┌──

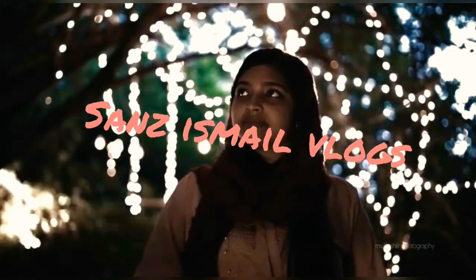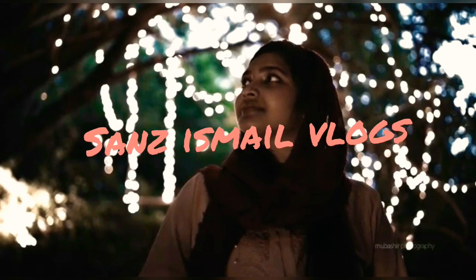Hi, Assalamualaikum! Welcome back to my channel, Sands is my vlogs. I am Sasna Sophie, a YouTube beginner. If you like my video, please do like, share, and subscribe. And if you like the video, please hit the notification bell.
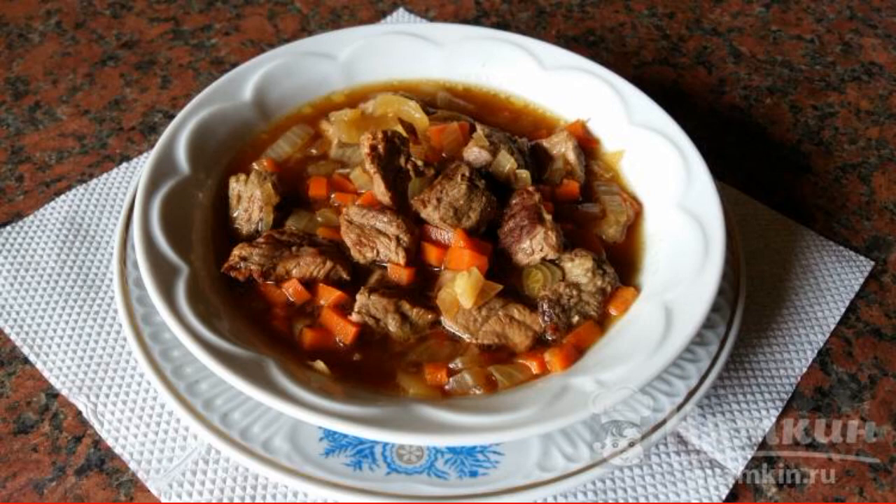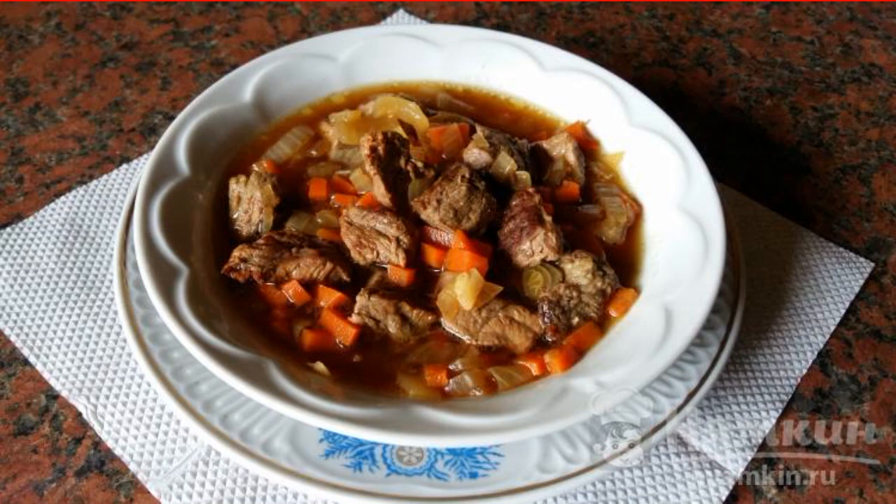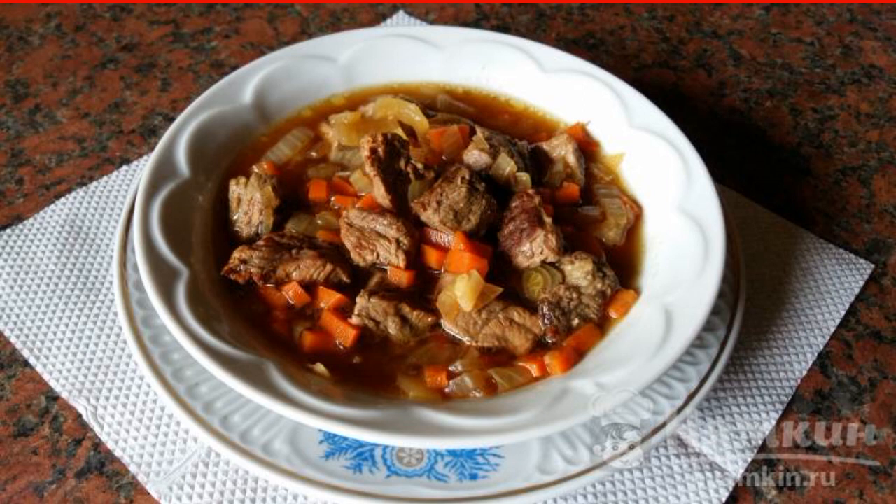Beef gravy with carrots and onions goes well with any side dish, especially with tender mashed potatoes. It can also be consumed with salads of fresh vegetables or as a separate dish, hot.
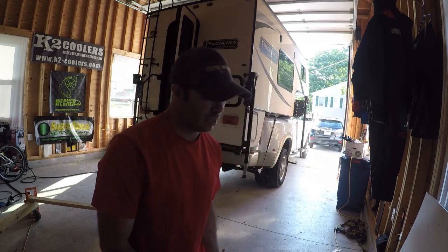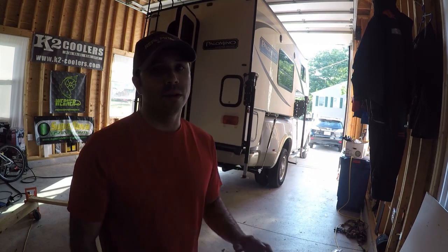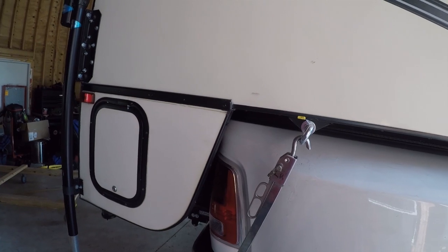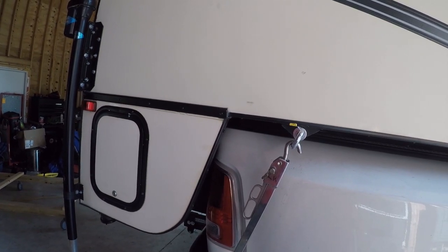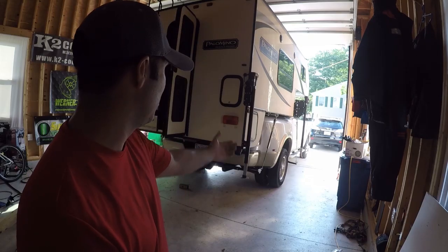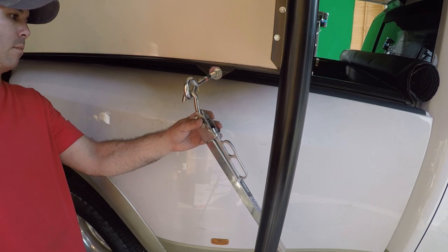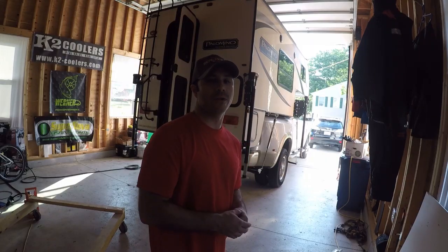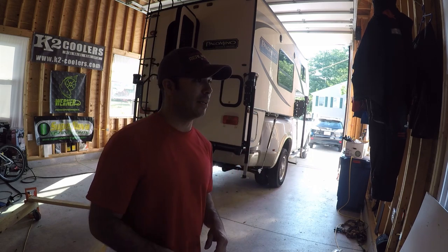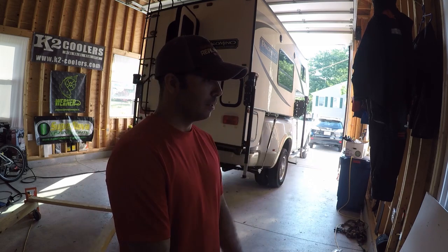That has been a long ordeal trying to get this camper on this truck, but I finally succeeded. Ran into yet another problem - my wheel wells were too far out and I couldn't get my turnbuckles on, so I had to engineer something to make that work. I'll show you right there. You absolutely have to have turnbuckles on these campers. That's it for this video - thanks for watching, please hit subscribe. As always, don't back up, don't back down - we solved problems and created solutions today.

└──

Assigned task:
Where pictures appear, drop them, and reproduce exactly only the lines running from the beginning of the data to the line that contains "Beef gravy with", inclusive.

Written solution:
Hi, Assalamualaikum! Welcome back to my channel, Sands is my vlogs. I am Sasna Sophie, a YouTube beginner. If you like my video, please do like, share, and subscribe. And if you like the video, please hit the notification bell.
Beef gravy with carrots and onions goes well with any side dish, especially with tender mashed potatoes. It can also be consumed with salads of fresh vegetables or as a separate dish, hot.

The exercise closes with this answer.